I stumbled out to the kitchen and looked around at yesterday’s crumbs all over the floor. I waded into the living room through the piles of laundry the girls had scattered across the floor that morning. Tears pushed at my eyes. What was wrong with me? This was my work, my job. What had possessed me to ask my husband to pull my weight as well as his own? I should be able to keep up with this work by myself, in fact, if I was keeping up with it, the room wouldn’t look like this in the first place.
That was when Ms Pooky threw a glass onto the kitchen floor from her perch atop a chair. I banished the baby without explanation to the basement with my husband, and left her screaming in protest as I stomped back to the kitchen and began sweeping up the shattered glass.
Within a few minutes my husband arrived with the screaming baby in tow, asking if I had dumped the baby on him as revenge for not wanting to help out.
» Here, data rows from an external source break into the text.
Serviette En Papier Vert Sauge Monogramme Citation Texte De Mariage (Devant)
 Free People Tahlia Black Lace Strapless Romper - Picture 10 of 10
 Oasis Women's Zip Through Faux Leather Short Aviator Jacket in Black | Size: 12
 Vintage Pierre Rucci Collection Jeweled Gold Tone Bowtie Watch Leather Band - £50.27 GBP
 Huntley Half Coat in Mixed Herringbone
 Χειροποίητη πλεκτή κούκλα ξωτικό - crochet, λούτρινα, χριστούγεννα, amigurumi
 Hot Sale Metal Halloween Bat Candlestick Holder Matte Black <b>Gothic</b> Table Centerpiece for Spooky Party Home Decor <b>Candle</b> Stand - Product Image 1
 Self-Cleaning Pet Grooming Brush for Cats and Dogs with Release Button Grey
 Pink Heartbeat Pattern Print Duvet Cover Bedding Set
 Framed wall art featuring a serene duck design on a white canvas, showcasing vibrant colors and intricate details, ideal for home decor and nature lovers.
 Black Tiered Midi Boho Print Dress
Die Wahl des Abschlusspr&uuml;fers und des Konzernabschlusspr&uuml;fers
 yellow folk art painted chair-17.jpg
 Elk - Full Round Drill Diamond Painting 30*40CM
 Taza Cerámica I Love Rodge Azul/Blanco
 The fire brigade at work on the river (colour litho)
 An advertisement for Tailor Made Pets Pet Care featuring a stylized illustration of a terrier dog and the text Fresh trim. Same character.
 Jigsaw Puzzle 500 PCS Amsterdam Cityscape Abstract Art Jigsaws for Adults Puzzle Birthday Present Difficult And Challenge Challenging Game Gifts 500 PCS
I yelled something about a glass breaking, and then we yelled at each other for a few minutes. In the middle of the argument, I remembered my promise to myself to be honest about what I was feeling, and I let it all out.
I told him that I was feeling as if I was the worst wife ever, and that I was ashamed that I had asked him to help clean. He replied that I had just as much right to ask, as he had to say no.
In a lot of ways it was easy to say that I am a perfectionist. People nod their heads and smile knowingly, and they share how they are perfectionistic themselves. Say that you struggle with shame and you get blank stares. And yet the 2 are inextricably linked. Perfectionism comes out of shame, and in the last year, I’ve been discovering the areas of shame in my life for the first time.
Shame is the lie in your head that tells you that you are not worthy of love or acceptance. Shame tells you that you are an inadequate person/wife/mother etc. until you perform to a certain standard. Shame tells you that you are bad, with nothing to contribute to anyone.
I had an understanding of my role as a wife and mother influenced by years of lies told me by my parents, my christian education and reading, and even several years of church attendance to solidify it all.So many messages: “The woman should be a quiet, meek, keeper at home.” “The wife exists to serve her husband and children, this honors God.” “If you were ever this defiant to the husband you will have someday, that would enrage him.” “The root of all your problems is love of self.” “The wife is to be submissive to her husband, as unto God.” “Greet your husband with a clean home and a smile, he should have no worries or concerns about his home since you should have it under control.” “Your highest goal in the bedroom should be to please and satisfy your husband sexually, if he feels neglected he could be led into sin.”
After recognizing that those lies were just that, lies. It’s been getting easier to reject the shame-filled messages. Now I can look in the mirror without hearing my mom’s “encouragement” to try just one more diet. I can walk into my kitchen and see the counters that have not been scrubbed in a few days, and my first thought is no longer my Dad’s voice saying “ this room is a pigsty”.
It has been such a breakthrough for me to realize that my marriage can be a partnership of mutual respect, I do not have to be a quiet cheerful fake. That my house does not have to be cleaned to the standards of some idealized republished housekeeping book written by a Victorian era woman with servants. That I can let myself be vulnerable in the bedroom, I am not a performance oriented wind up toy.
That doesn’t mean I don’t goals, dreams, or things I am seeking to change and grow through, but now I change for me. I work to achieve the dreams I have for myself, not to become the person anyone else tells me I should be.
It’s hard for me to believe that I am worthy of love just for being who I am. But I know that I am a much better “me” than the “ideal” I was trying to chase for so long.